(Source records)
::::

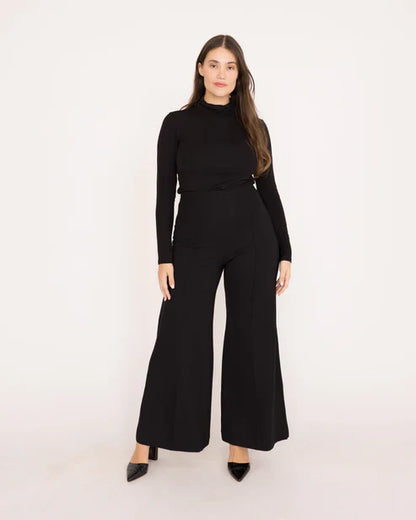 Ponte Knit Standard Wide Leg Pant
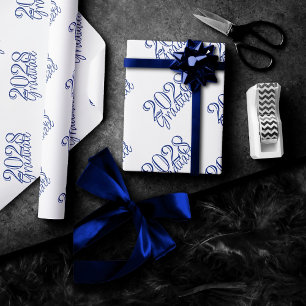 Afstuderen Jaar   Basic Wit op Blauw Celebration Cadeaupapier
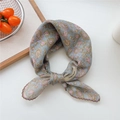 Floral square neckerchief in light grey with pink patterns and lace edge detail - Blue Ground Bellflower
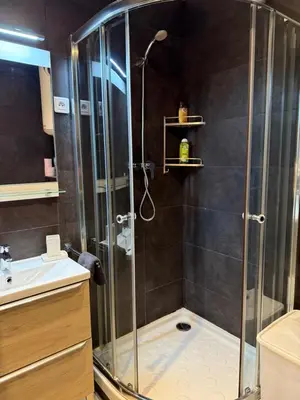 a bathroom with a shower and a sink at Art apart studio Rouaze in Cannes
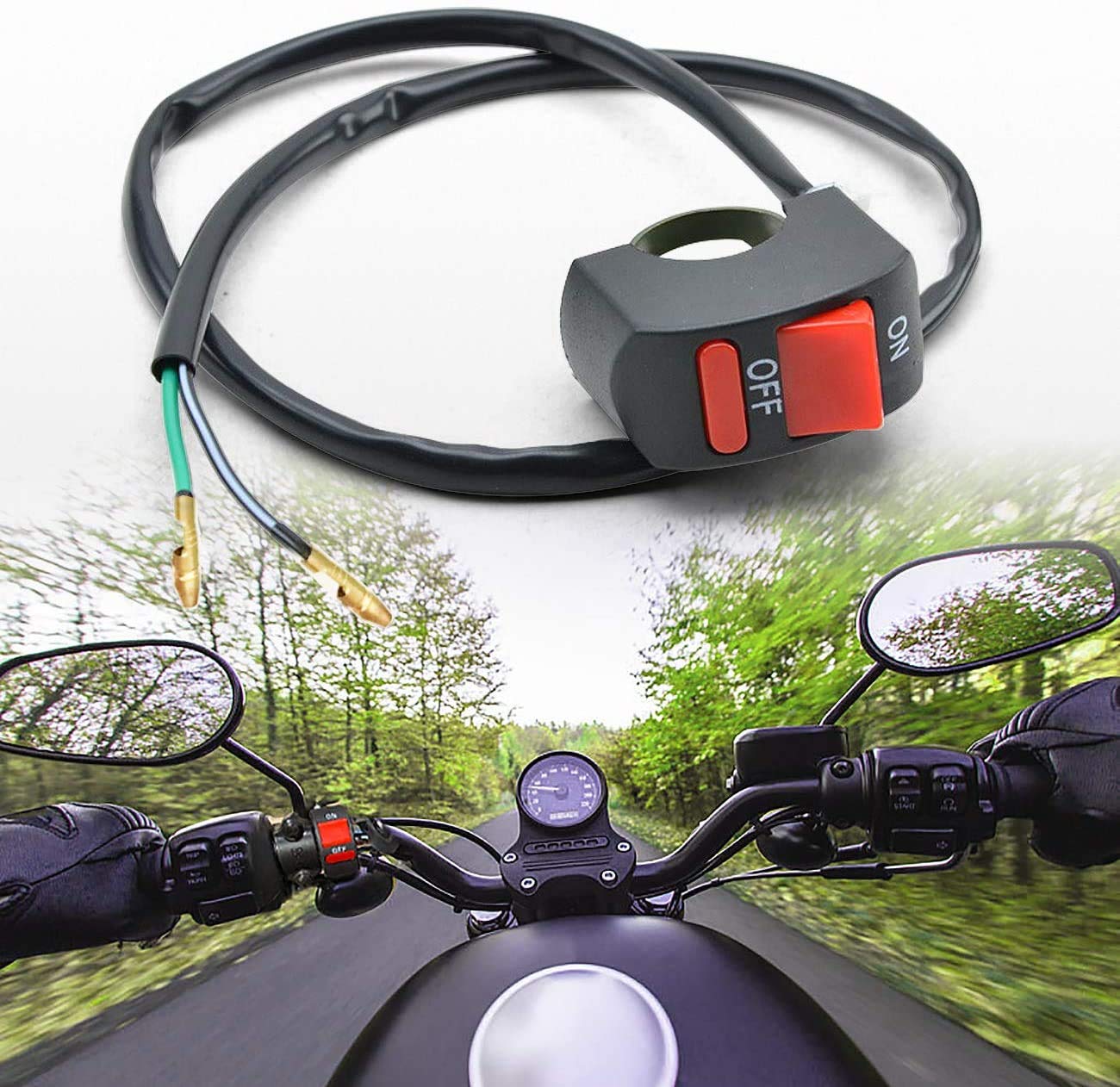 Greluma 1 Pezzo Moto Manubrio Interruttore a levetta On Off Interruttore a pulsante Bicicletta Moto Tuning Part per U5 U7 U2 LED Faro Scooter Electrombile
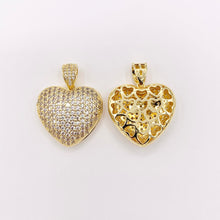 Load image into Gallery viewer, Large Puffy Hearts Pendant CZ Pave Charms Real 18K Gold Plated Copper 3 PCS
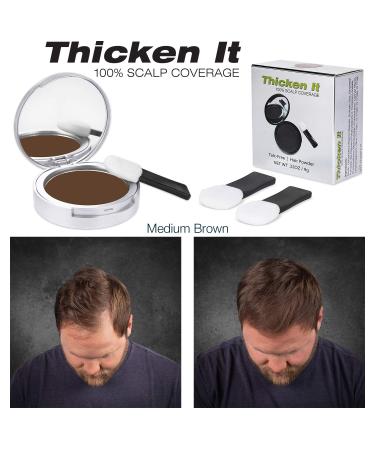 Thicken It 100% Scalp Coverage Hair Powder in Medium Brown - Talc-Free Hair Loss Concealer for Men and Women - Water Resistant .32 oz. - Naturally Thicker Than Fibers & Sprays - Buy Online on GoSupps.com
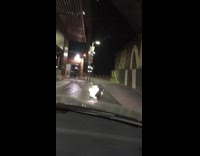 Backflip fail white jacket guy car night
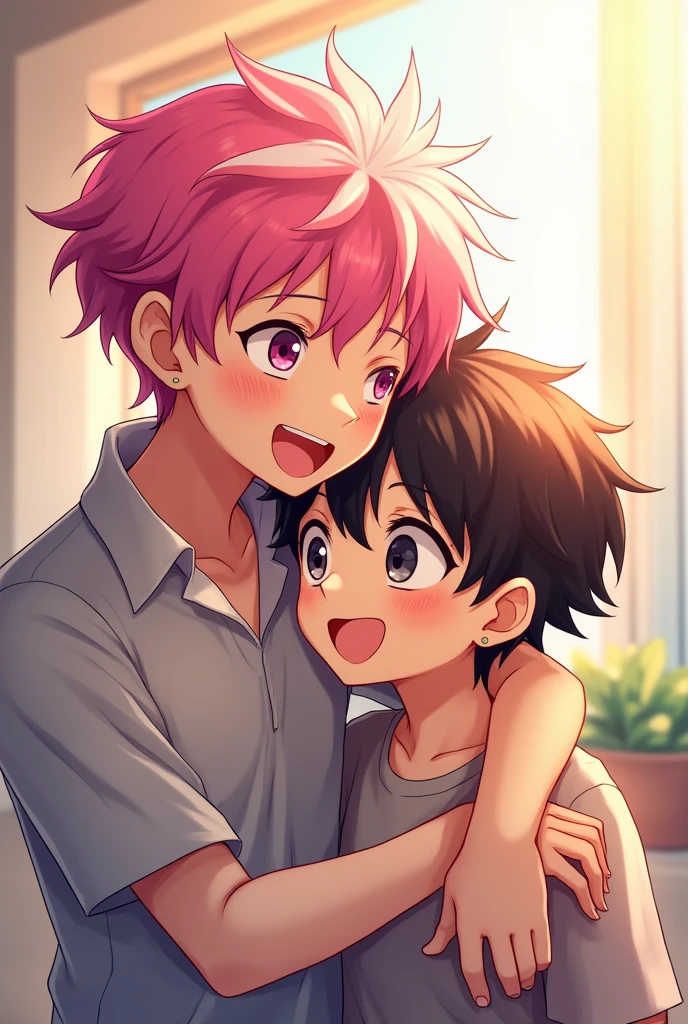 couple of men. 2 boys. Boy with pink hair with white highlights, average, pink eyes, purple lens glasses, smiling excitedly while hugging the other. Boy with short dark brown hair, brown and blue eyes, looking away with flushed face and embarrassed expression with eyebrow and ear piercing. Cute 2D anime style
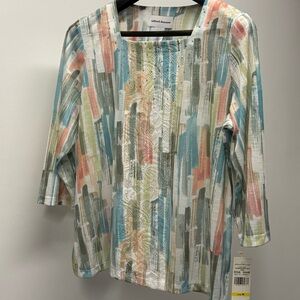 Alfred Dunner Multicolor Blouse Size M. NWT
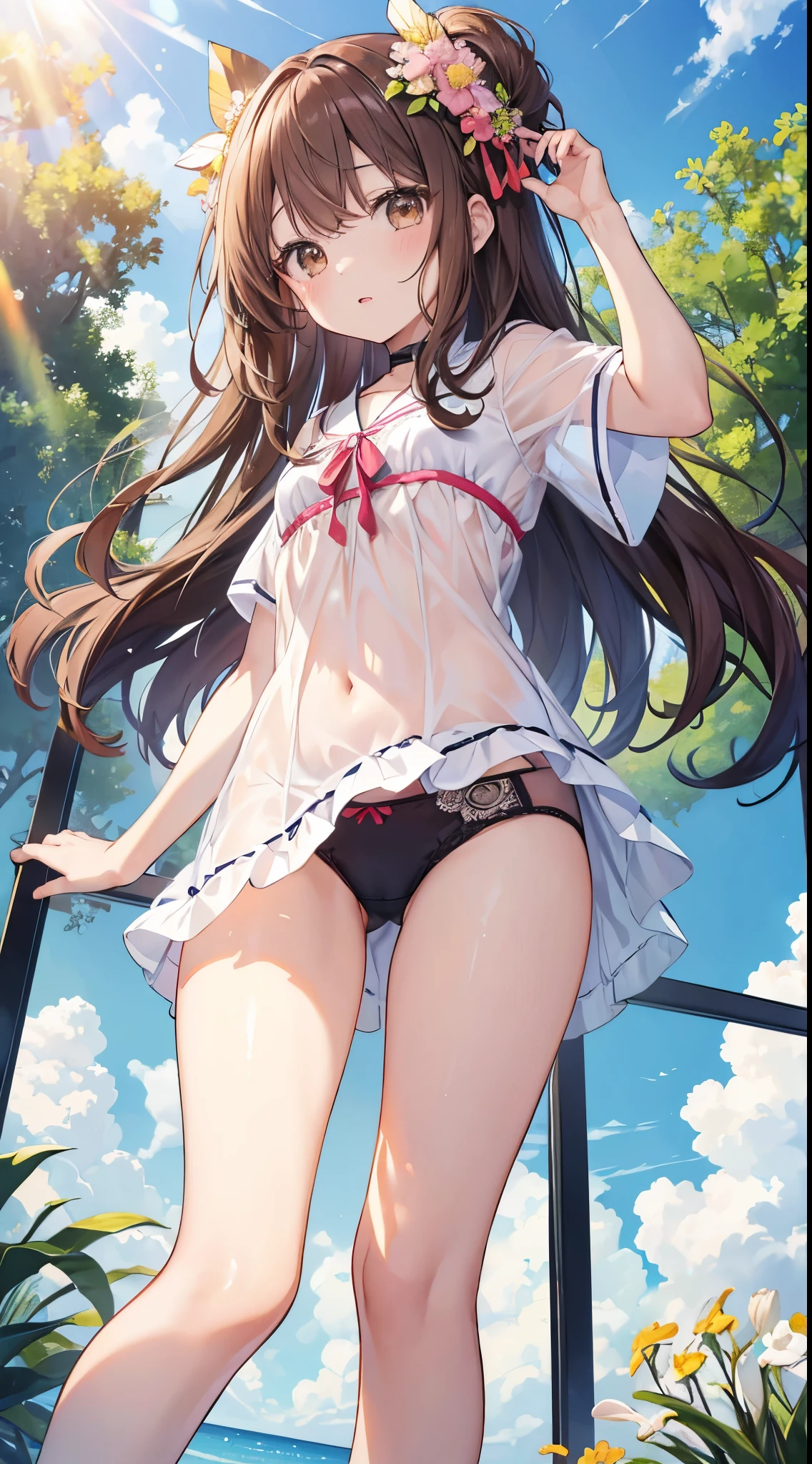 Hi-Res、​masterpiece、Chizuru Ichinose、Brown hair、Soio、Female one、Sunlight、Angle from below、Colorful  pattern、细致背景、A detailed eye、（（Brown-eyed））,Beautiful and perfect legs,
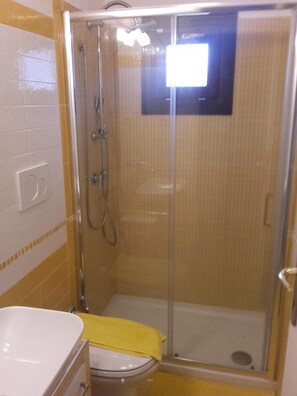 Regadera, secadora de cabello, bidet, toallas 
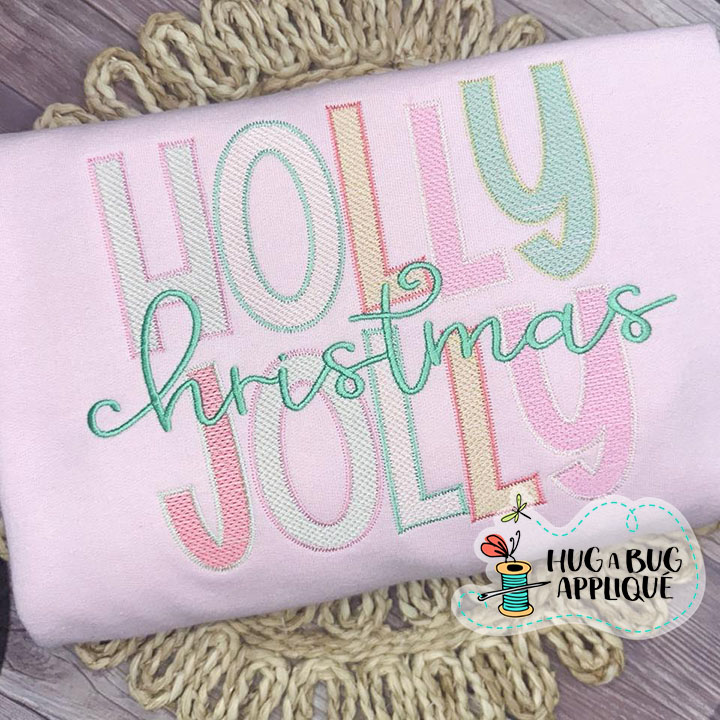 Holly Jolly Christmas Sketch Stitch Embroidery Design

::::

● Exercise brief
The answer consists of the lines from the one holding "Alfred Dunner Multicolor Blouse Size M. NWT" to the end of the records, inclusive, restated exactly and without pictures.

● Result of the task
 Alfred Dunner Multicolor Blouse Size M. NWT
 Hi-Res、​masterpiece、Chizuru Ichinose、Brown hair、Soio、Female one、Sunlight、Angle from below、Colorful  pattern、细致背景、A detailed eye、（（Brown-eyed））,Beautiful and perfect legs,
 Regadera, secadora de cabello, bidet, toallas 
 Holly Jolly Christmas Sketch Stitch Embroidery Design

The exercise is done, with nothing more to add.